Wired hotspot in tokio runtime

Hello, I'm using tokio to run some io work (tokio v0.2.24 tonic v0.3.1 sqlx v0.3.5), but suddenly hit a high CPU usage problem. I didn't capture enough runtime information when it happened , only got a linux perf info, which shows Top hotspots as

dashmap::lock::RwLock$LT$T$GT$::try_read::h215958eb8505e138
core::sync::atomic::atomic::sub::h572213ee1ba22802
dashmap::lock::RwLock$LT$T$GTR$::read::h80eeeaee7796694d
core::sync::atomic::AtomicUsize::fetch_sub::hd962c365ed939d6

I suspect I'm posting too much job to tokio (or maybe some bug in library?), but since they're running async, how can I inspect the calling trace from such profile ? Thanks for advise.
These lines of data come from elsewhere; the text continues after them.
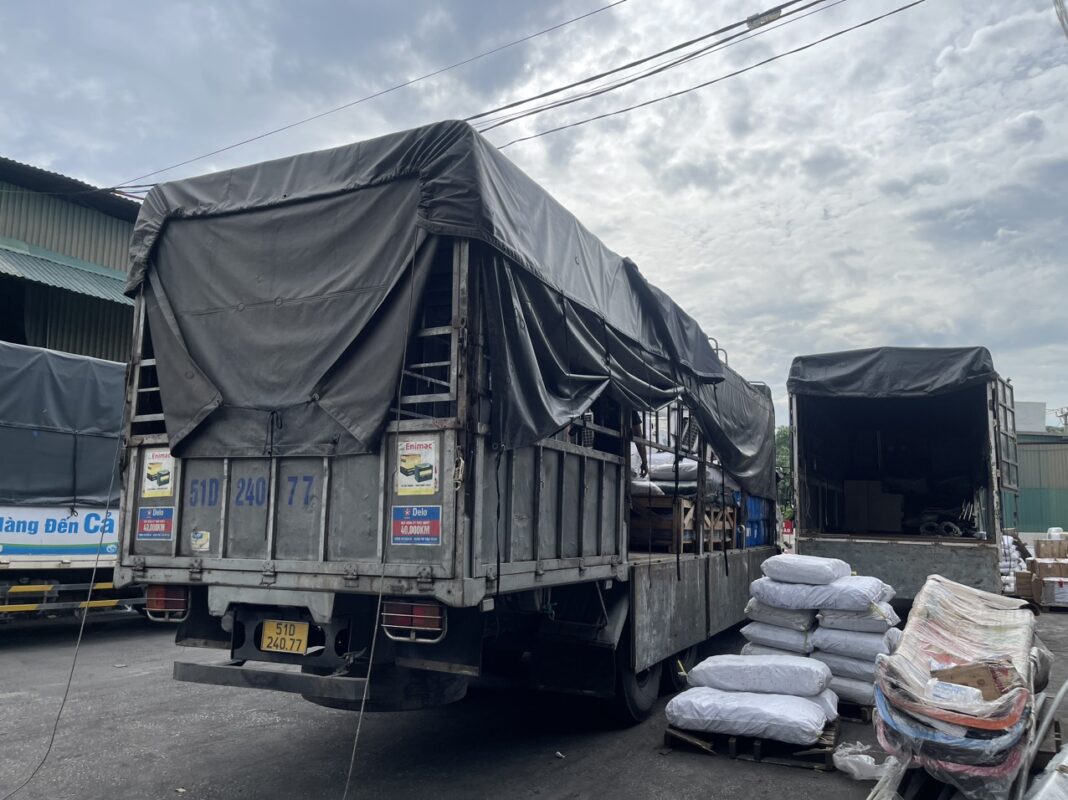 dịch vụ vận chuyển gạo đi sóc trăng bằng xe tải 15 tấn đảm bảo hàng hóa khô ráo an toàn tuyệt đối và giao nhận tận nơi cho các đại lý nông sản Van-chuyen-gao-dong-bao-bang-xe-tai-15-tan-di-tinh-soc-trang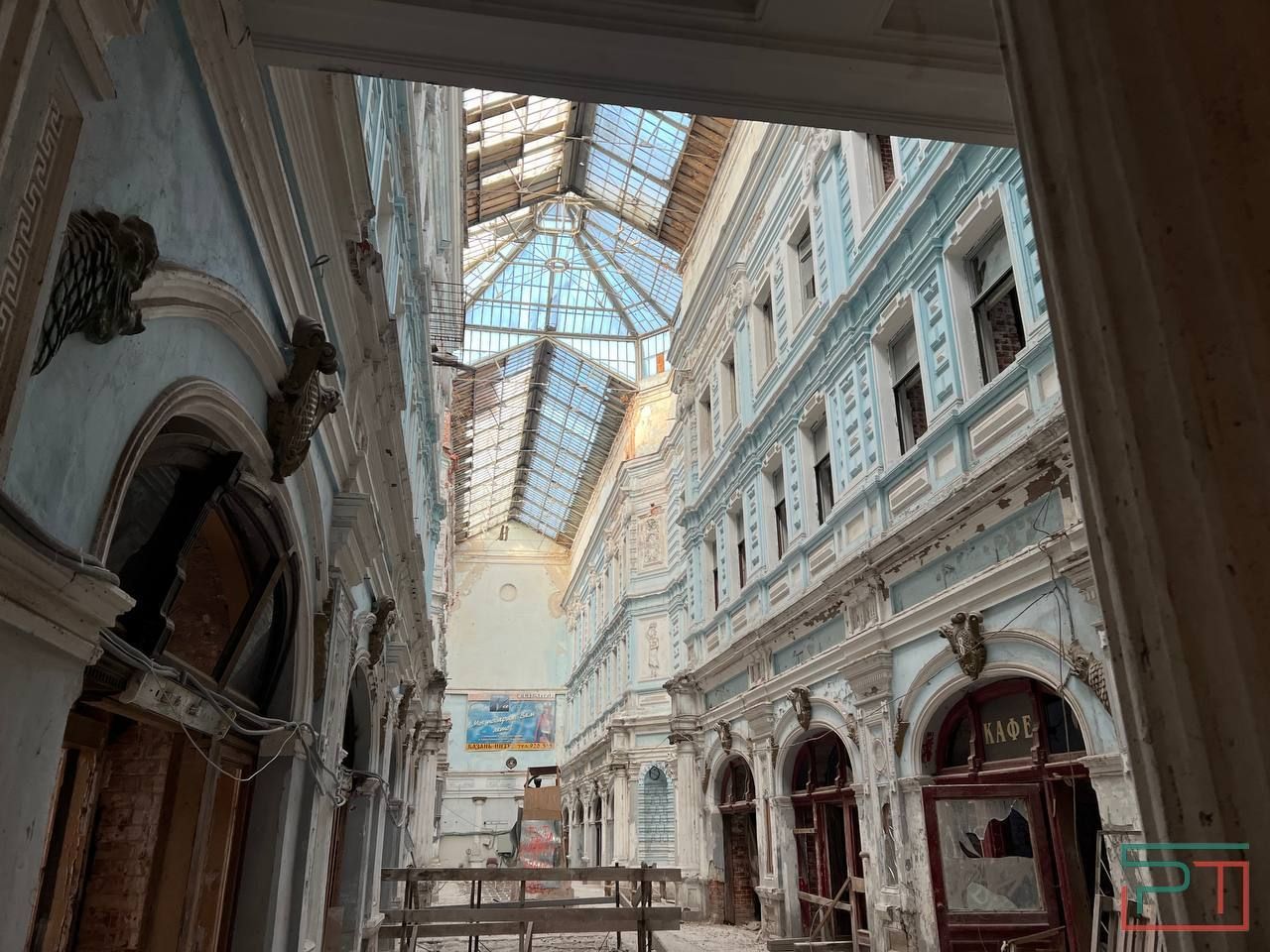 «Огромная молчаливая рана в центре Казани»: что происходит с Александровским пассажем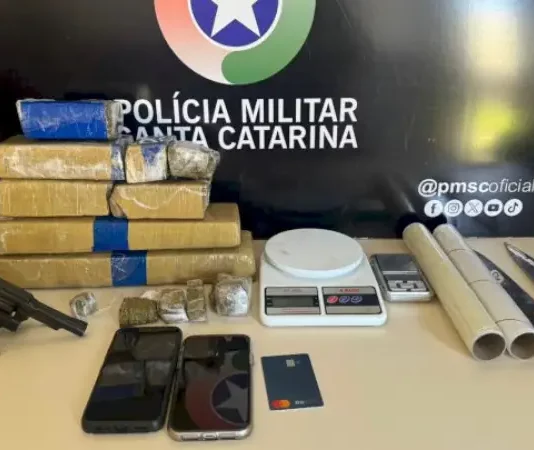 Arma de fogo, munições e drogas apreendidas pela Polícia Militar durante ação que levou à prisão de suspeito por cárcere privado em Criciúma.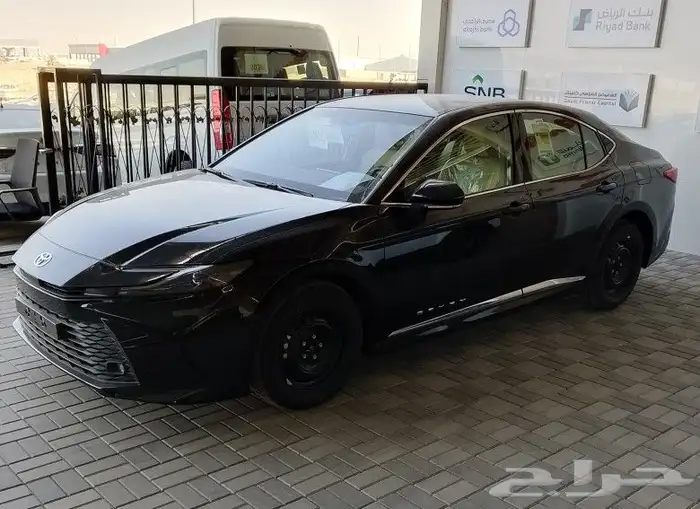 سيارة تويوتا كامرى 2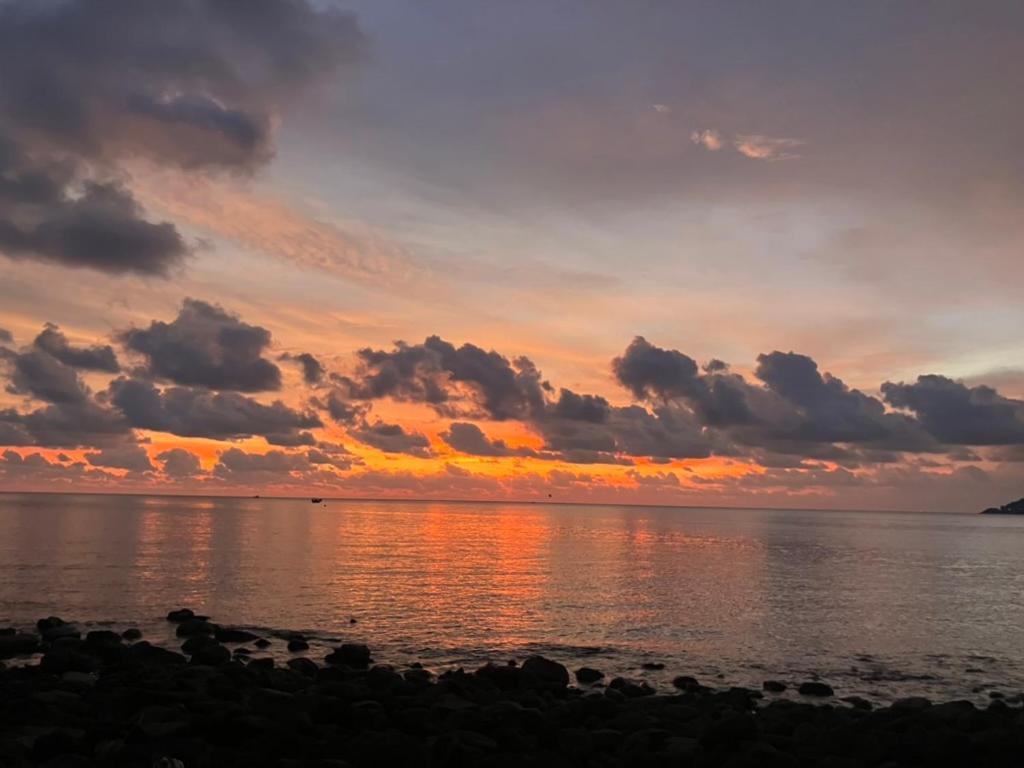 Easy Tiger - M'Pai Bay Beach, Đảo Koh Rong Samloem Ngoại thất bức ảnh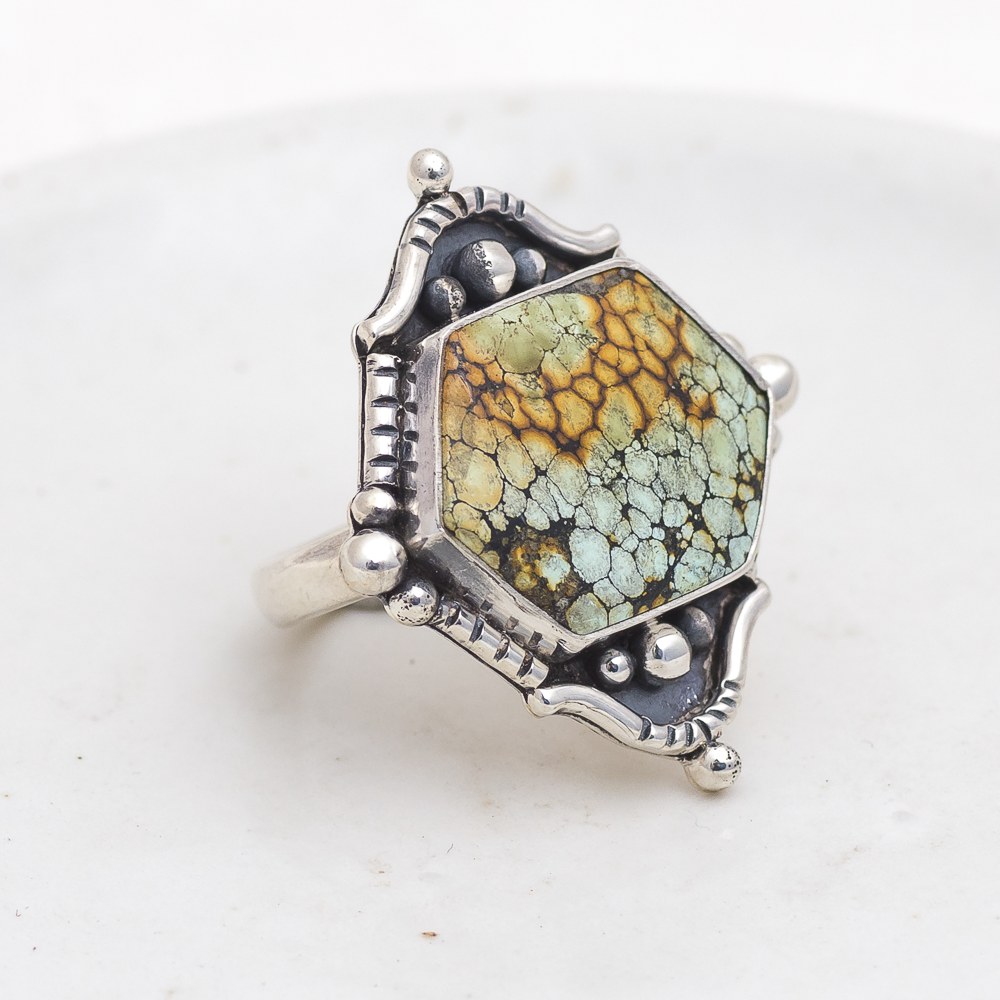 Hexagonal Dunes Ring (B) ◇ Hubei Turquoise ◇ Size 7.5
Without further context, it seems most CPU time is spend on the dashmap crate which is not a dependency of the tokio. Maybe it's some other code which touched synchronized map too much?

1 Like

Yes, I do use dashmap to store some shared state, and use them in tokio async job, here is a stripped down version of my logic


pub struct IoContext {
   // use threaded_scheduler.enable_all().core_threads(8)
    runtime: tokio::runtime::Runtime,

    // map key is name of corresponding grpc client name
    // map value 1st field is the grpc server address url
    //                   2nd field is the grpc client object,  None if not connected/disconnected
    grpc_client_map: Arc<DashMap<String, (String, Option<GrpcServiceClient<Channel>>)>>,
}

// IoContext is created in rust , and using Box::into_raw to 'leak' it to C

// following function can be called from any thread from C
fn io_context_call_grpc_rust(
    io_context: *mut IoContext,
    grpc_client_key_cstr: *const c_char
) -> anyhow::Result<()> {
    let grpc_client_key = cstr_to_owned(grpc_client_key_cstr)?;
    let obj: Box<IoContext> = unsafe { Box::from_raw(io_context as *mut IoContext) };
    let leaked: &'static mut IoContext = Box::leak(obj);

    let op = CallGrpcOp {
        grpc_client_key: grpc_client_key.to_owned()
    };

   let grpc_client_map = leaked.grpc_client_map.clone();
    leaked.runtime.spawn(async move {

        
        let mut grpc_client = grpc_client_map.get_mut(&op.grpc_client_key).unwrap();
        if client.1.is_none() {
            // try to reconnect
            match reconnect_to(client.0.clone()).await.unwrap() {  //------------> here reached yield point
                Some(new_one) => {
                    client.1.replace(new_one);                                  // dashmap entry still be safe to use here ?
                }
                None => {
                    //still not connectable, give up
                    return;
                }
            };
        }
       let call_res = client.1.as_mut().unwrap().real_grpc_call().await;  // dashmap entry still be safe to use here ?
   });

  OK(())
}

I have question about dashmap usage together with tokio , I'm holding a dashmap entry across the yield point ,is it safe ?

-----edit----
BTW I'm using dashmap v4.0.1, and I found a closed issue from dashmap which said v4.0 can be used safely within tokio (Deadlock when working within async threads · Issue #79 · xacrimon/dashmap · GitHub)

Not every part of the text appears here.